From what I have learnt, the usual exercise of Expectation-maximization with kalman filter is an iterative repetition of
E-step: based on the estimates of parameters from the last M-step, use kalman filter to update the estimates of the latent variable;
M-step: use the estimates of latent variable from the E-step to get new estimates of parameters.
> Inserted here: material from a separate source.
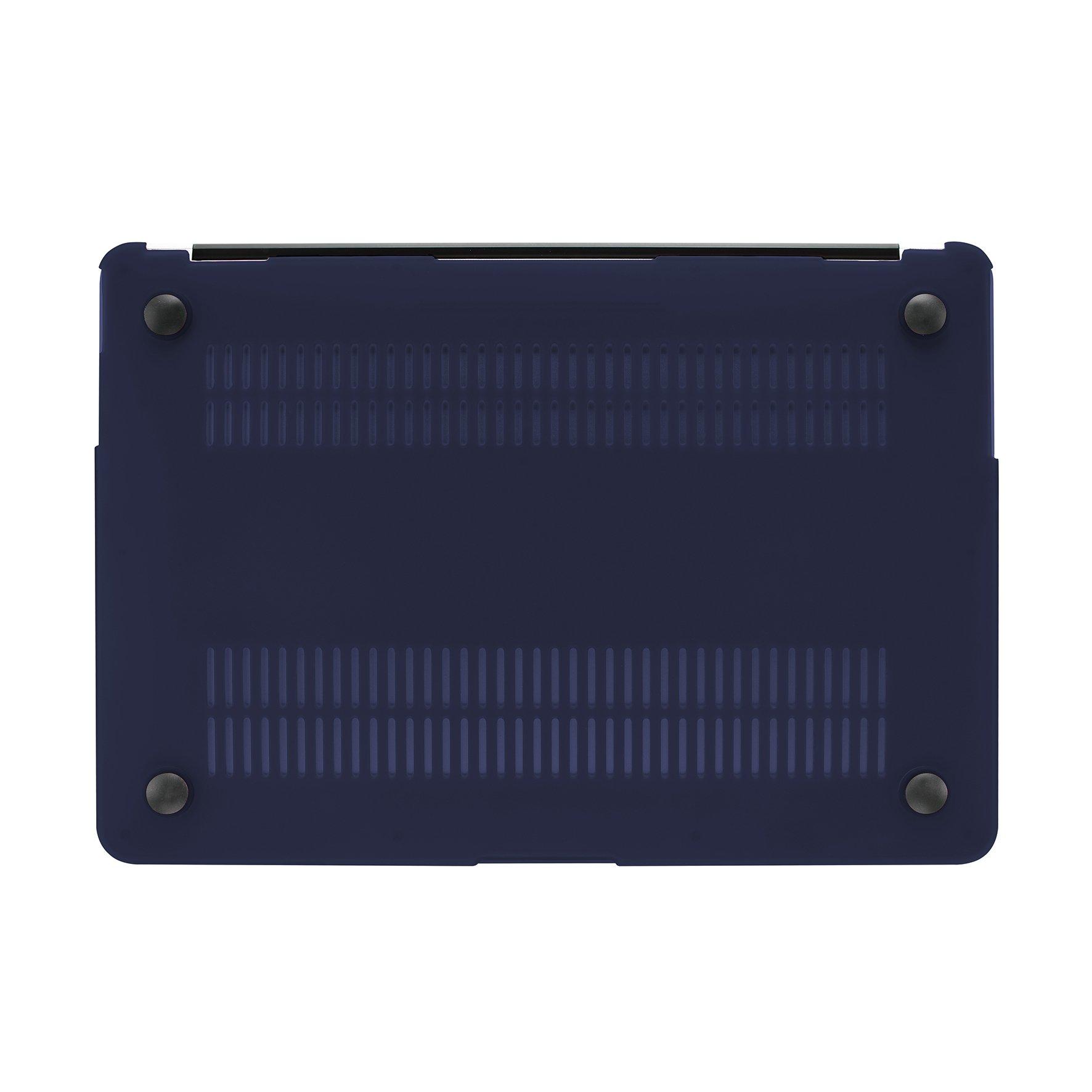 Artwizz  Custodia rigida per MacBook Air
In the paper cited above, however, the authors seem to use EMKF algorithm to estimate the parameters with one single M-step. Specifically, the authors aim to uncover the latent variable $f_t$ in the equation $$y_t=\beta's_t+\gamma d_tf_t+\varepsilon_t,$$ where $y_t$ is an $n\times1$ vector, $s_t$ is a $K\times1$ vector, which are observed without error, $d_t$ is a dummy that is $1$ if there is an event at time $t$ or $0$ otherwise, $f_t$ is an iid $N(0,\sigma_f^2)$ latent variable, $\beta$ is a $K\times n$ matrix, $\gamma$ is an $n\times1$ vector, and $\varepsilon_t$ is iid with mean zero and diagonal variance-covariance matrix of $\Sigma_\varepsilon.$
The log-likelihood function is as follows: $$\begin{aligned}l(\theta)=-\frac{1}{2}\Sigma_{t=1}^{T}\mathbf{1}(d_{t}=1)\{(y_{t}-\beta^{\prime}s_{t})^{\prime}(\Sigma_{\varepsilon}+\gamma\gamma^{\prime})^{-1}(y_{t}-\beta^{\prime}s_{t})\\&+\log(|\Sigma_{\varepsilon}+\gamma\gamma^{\prime}|)\}\\&+\mathbf{1}(d_{t}=0)\{y_{t}^{\prime}\Sigma_{\varepsilon}^{-1}y_{t}+\log(|\Sigma_{\varepsilon}|)\}\end{aligned}.$$ To identify the parameters, the authors solve the following system of equations, which is obtained by maximize the log-likelihood function: $$\beta=E(\mathbf{1}(d_t=1)s_ts_t^{\prime})^{-1}E(\mathbf{1}(d_t=1)s_ty_t^{\prime}),$$ $$\Sigma_{\varepsilon}=E(y_{t}y_{t}^{\prime}\mathbf{1}(d_{t}=0)),$$ $$\gamma\gamma^{\prime}=E((y_{t}-\beta^{\prime}s_{t})(y_{t}-\beta^{\prime}s_{t})^{\prime}\mathbf{1}(d_{t}=1))-\Sigma_{\varepsilon}.$$
But $f_t$ does not appear in the equations above. Doesn't this mean to solve for $\beta$, $\gamma$ and $\Sigma_{\epsilon}$ one does not actually need the kalman filter? Can anyone explain this to me?